Scraped caption text data
*** Block opens ***

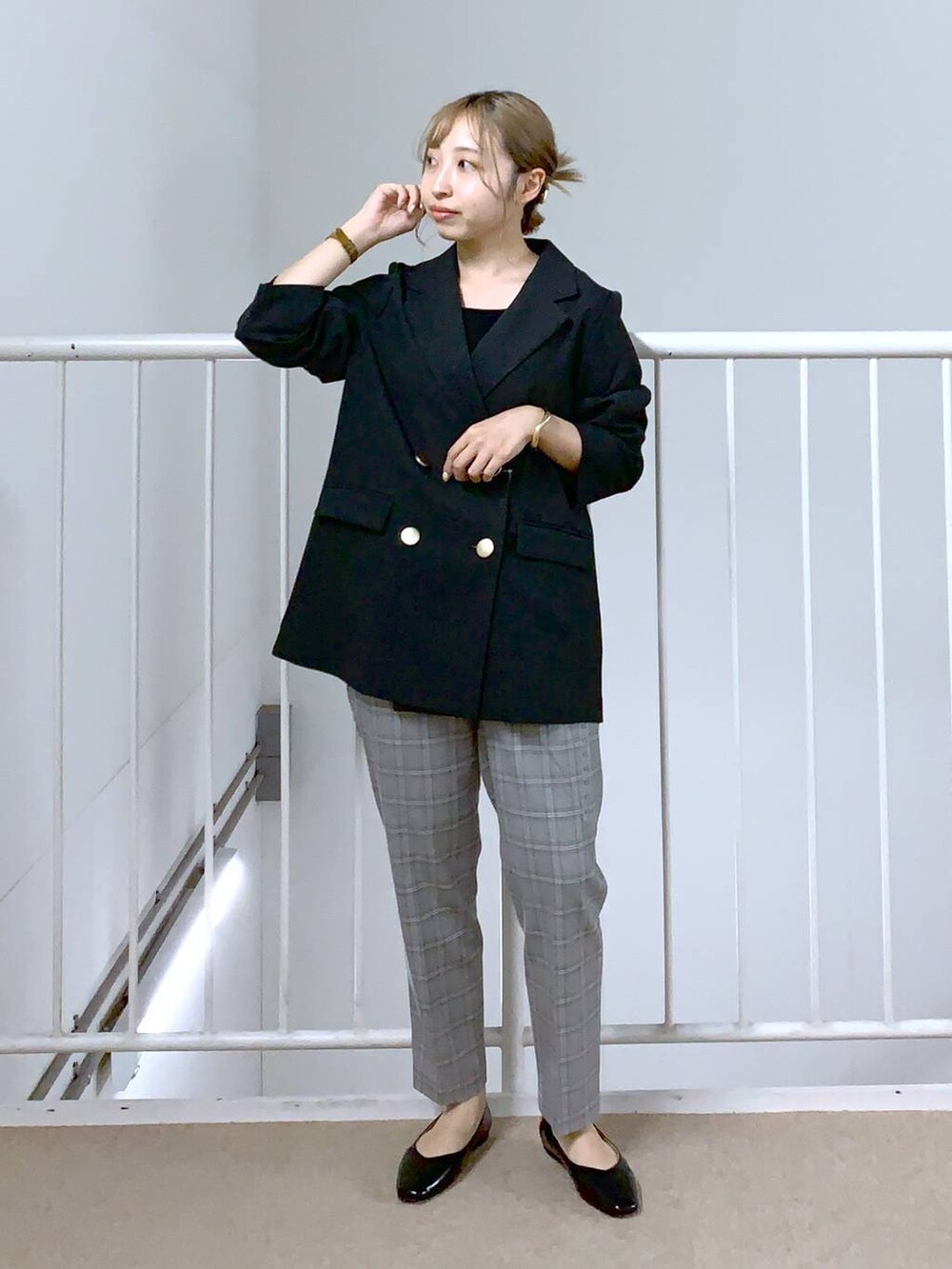 グレー系のその他パンツ、ブラック系のパンプス、グレー系のテーラードジャケットを着用したレディースの秋コーディネートの4枚目の写真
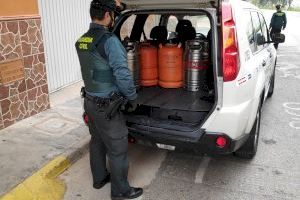 La Guardia Civil procede contra tres personas implicadas en más de 14 hechos delictivos en estaciones de servicio y casas de campo en la provincia de Valencia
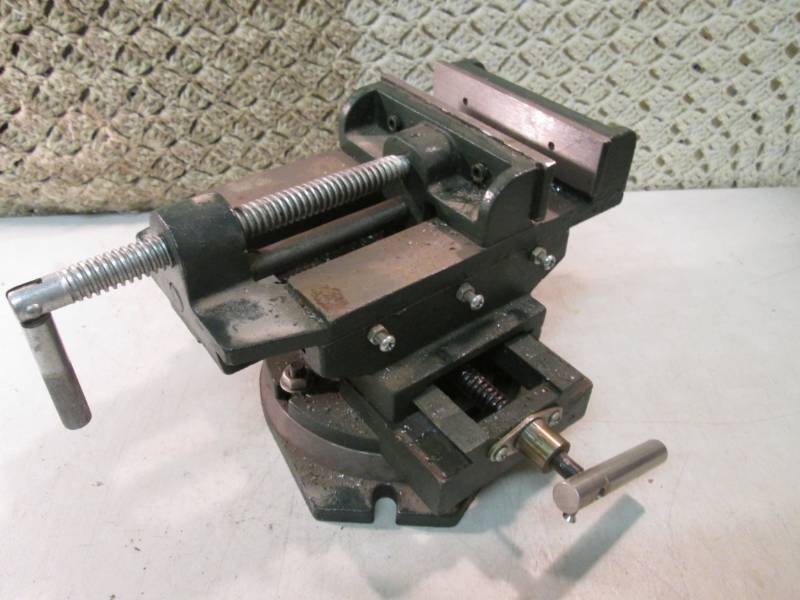 lot 8 image: MachiningMilling 6 Cross Slide Vi...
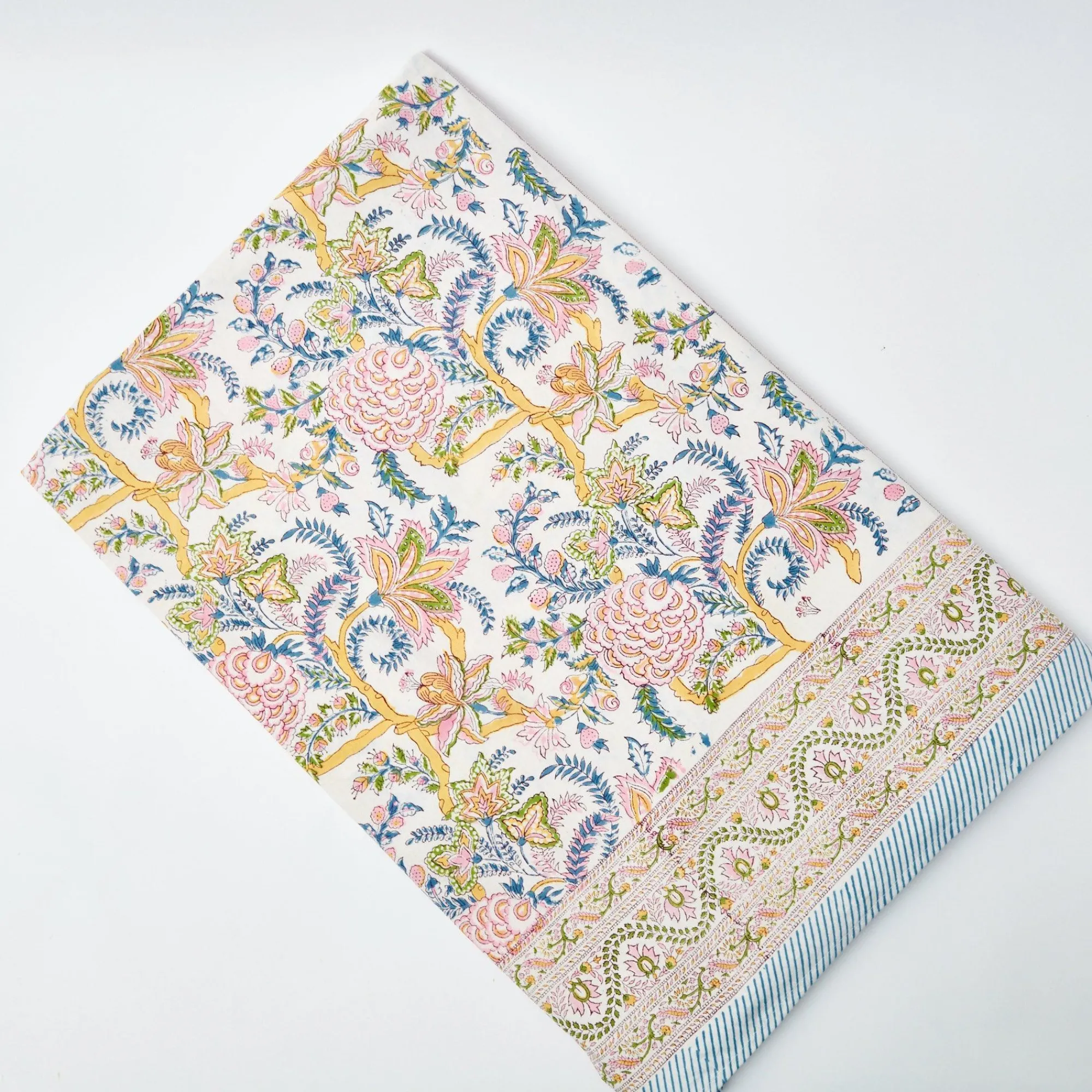 lola_tablecloth_4.webp Sale Lola Tablecloth Tablecloths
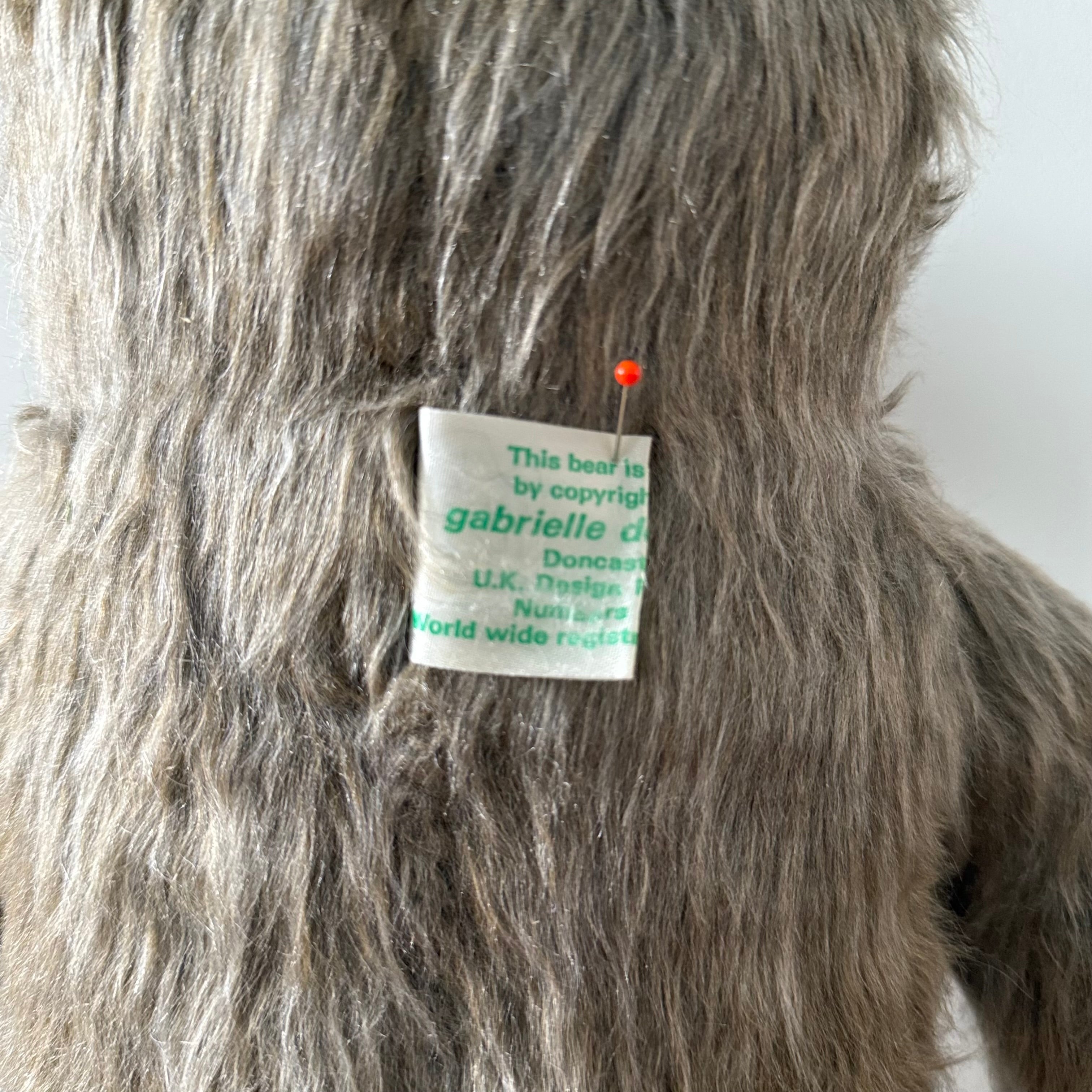 Vintage Gabrielle Designs Aunt Lucy Paddington Bear – Original Outfit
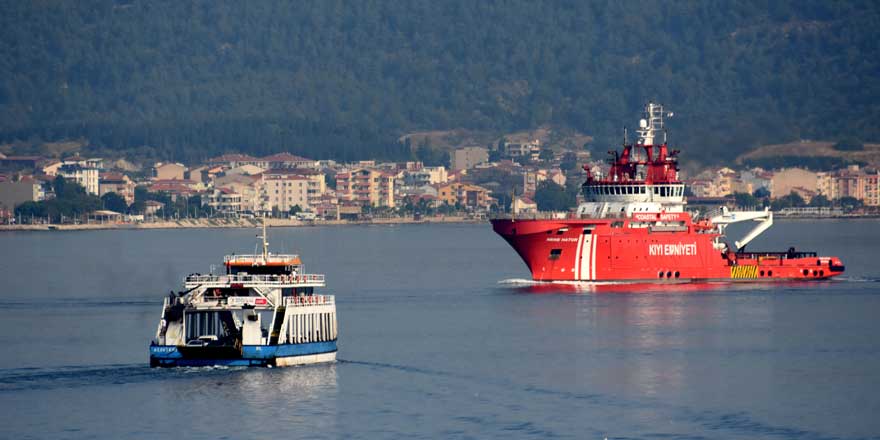 Yangınlarla mücadele edecek Nene Hatun gemisi Çanakkale Boğazı'ndan geçti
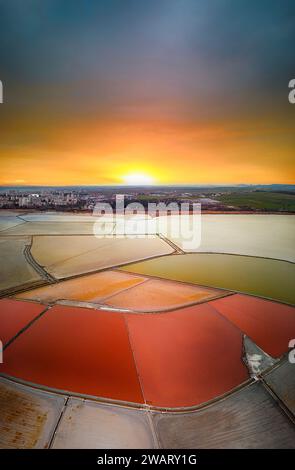 Antenne Panoramablick drone Ansicht von Burgas Salinen Stadtbild an sunse. Saline Industrie. Stockfoto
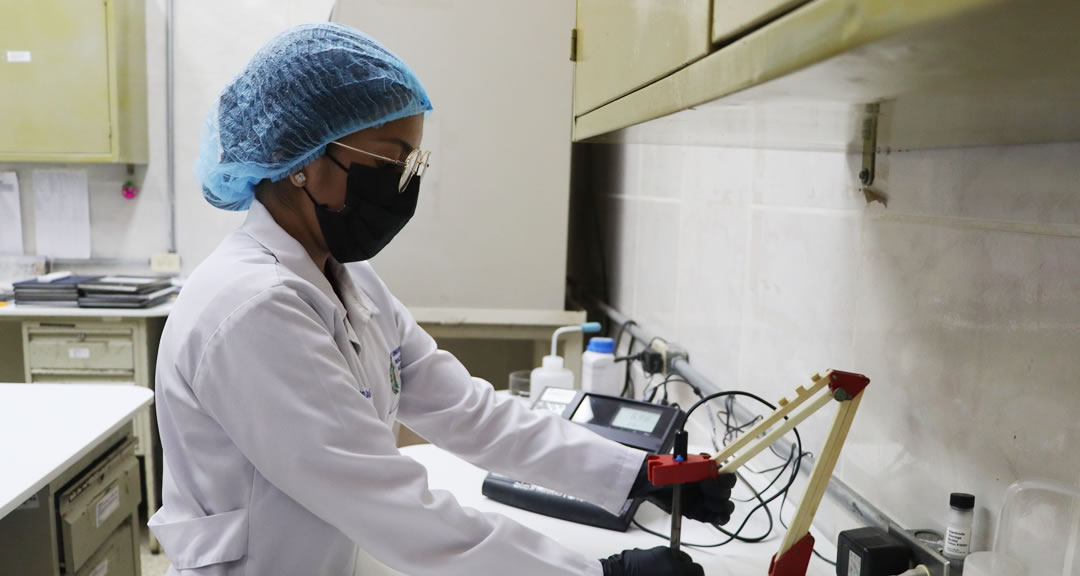 Yunova Gutiérrez futura microbióloga que desea ejercer su profesión en el área clínica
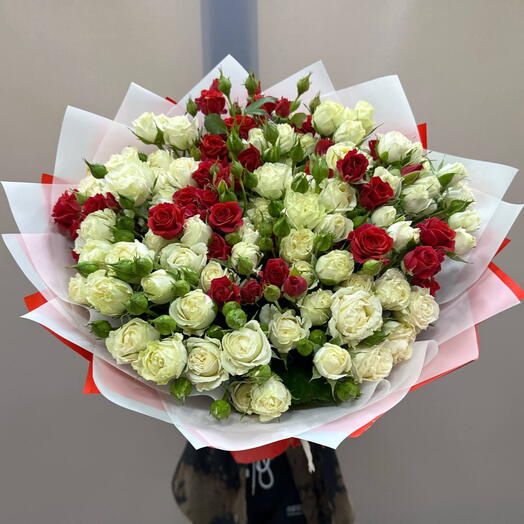 Букет из 25 кустовых роз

*** Block closes ***

- [Exercise goal]: Only the lines from the beginning of the records through the line bearing "Yangınlarla mücadele edecek" belong in the answer, copied word for word with pictures left out.

- [Output for this task]:
 グレー系のその他パンツ、ブラック系のパンプス、グレー系のテーラードジャケットを着用したレディースの秋コーディネートの4枚目の写真
 La Guardia Civil procede contra tres personas implicadas en más de 14 hechos delictivos en estaciones de servicio y casas de campo en la provincia de Valencia
 lot 8 image: MachiningMilling 6 Cross Slide Vi...
 lola_tablecloth_4.webp Sale Lola Tablecloth Tablecloths
 Vintage Gabrielle Designs Aunt Lucy Paddington Bear – Original Outfit
 Yangınlarla mücadele edecek Nene Hatun gemisi Çanakkale Boğazı'ndan geçti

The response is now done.